Mo Brings Plenty of Yellowstone revisits the Lakota Nations Education Conference
RAPID CITY – The 48th Annual Lakota Education Conference drew large crowds to the Best Western Ramkota last week. At the helm of the conference were founders Maurice Twiss and Terri Jo Gibbon, who continue to excel at bringing together presenters who offer meaningful educational solutions for school challenges across Indian Country.

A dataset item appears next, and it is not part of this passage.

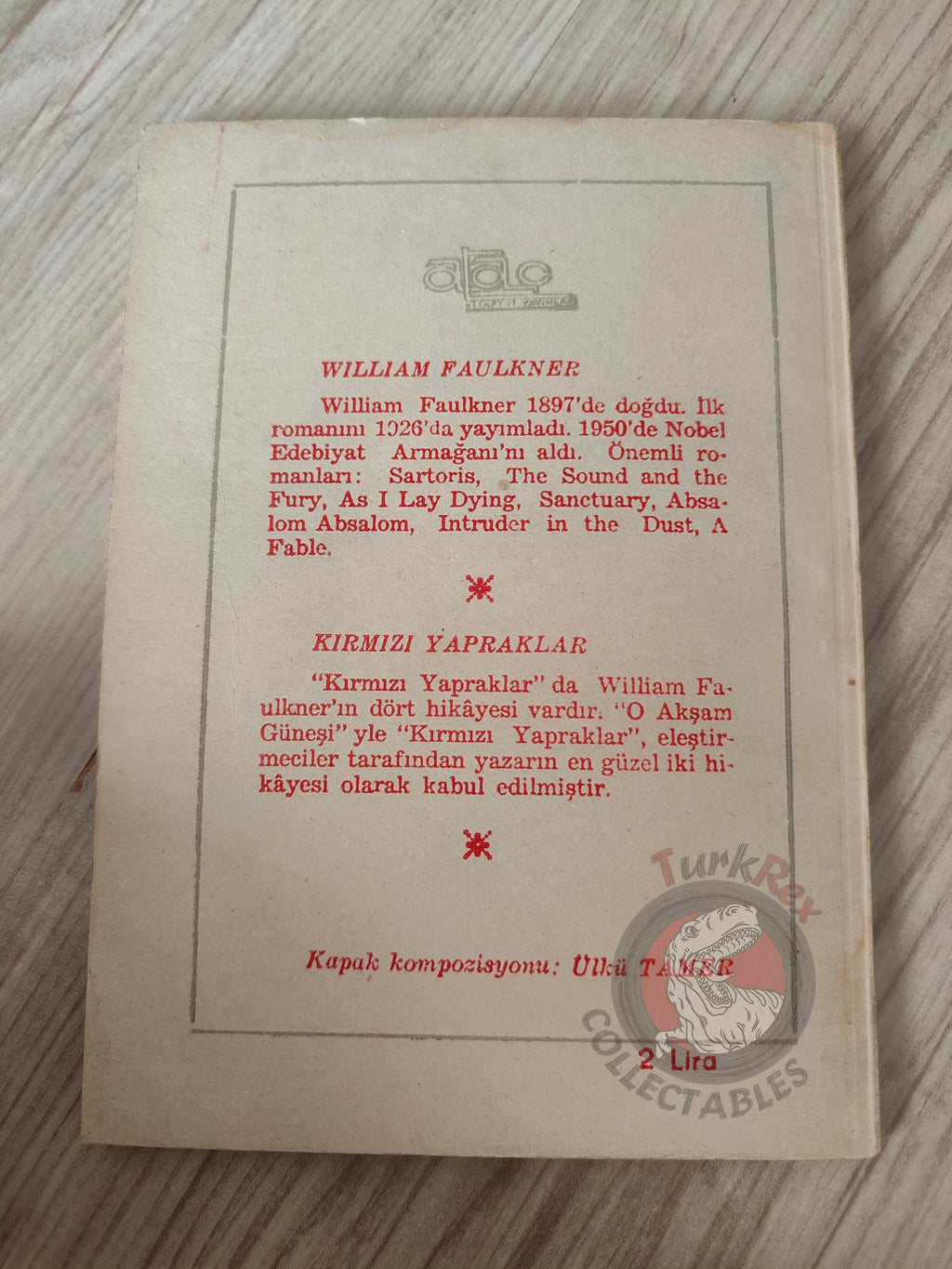 William Faulkner – Red Leaves 1959 1st Turkish Book Turkey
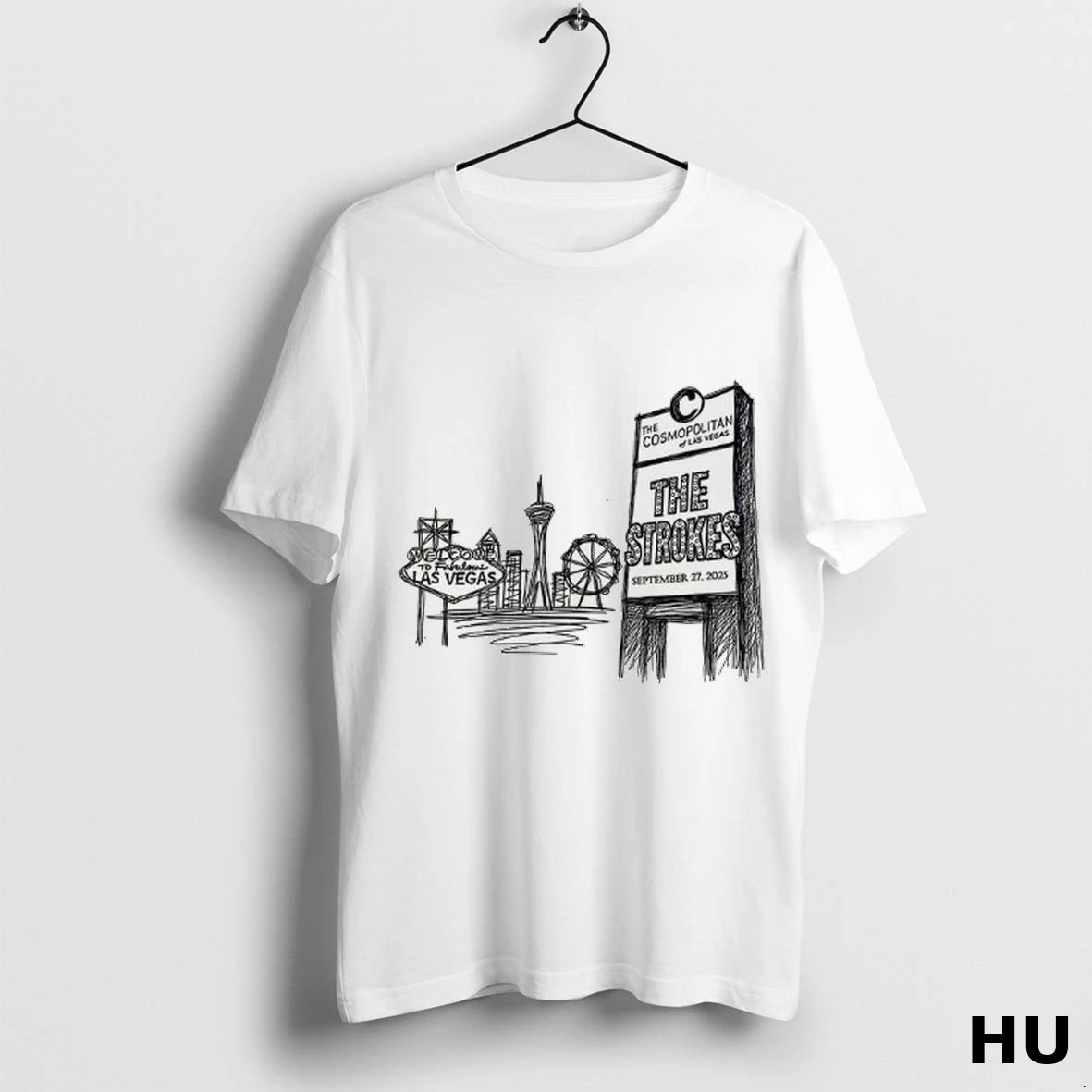 Officials The Strokes Of Las Vegas 2025 T Shirt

One such presenter was Brent Gish, who has spent more than forty years in public education serving the students and families of the White Earth Ojibwe and Red Lake Ojibwe Nations in northern Minnesota. The Red Lake School District includes a middle school and high school serving more than 1,400 students with 165 teachers—30 of whom are Native American— along with 130 support staff. It is the district with the highest number of Native American teachers in Minnesota.
In 2005, the Red Lake School District experienced a devastating active shooter incident. Ten people were killed, beginning at the gunman’s private residence where he murdered his grandfather, his grandfather’s partner, and a police sergeant. At Red Lake High School, he killed seven more people—five students, a teacher, and an unarmed security guard. In the aftermath, 221 students left the district.
“It was my goal as Interim Superintendent to bring those children back,” Gish said. “We are laying a better foundation—no blame, no shame, no finger-pointing— because it needs to be our responsibility.”
Following the tragedy, the district set a goal to become a high performing school grounded in Ojibwe language, art, and culture. Gish emphasized that parent engagement is crucial to student development and that tribal leadership must be part of the process.
“Strategic planning too often sits on a desk and collects dust,” he said. “We used to plan for three to five years. Now we plan for five to seven years to ensure implementation and success.”
Red Lake has seven clans, each with a hereditary chief, and only federal or tribal governments have jurisdiction. Gish requested monthly reports to Tribal Council regarding students who were not attending school.
“Tribal Council thought I was dumping the problem on them,” he said. “Parents get frustrated too—they tell me they can’t get their kids up in the morning or get them to school.”
The district adopted a culturally grounded approach, but collaboration with Tribal Council was essential.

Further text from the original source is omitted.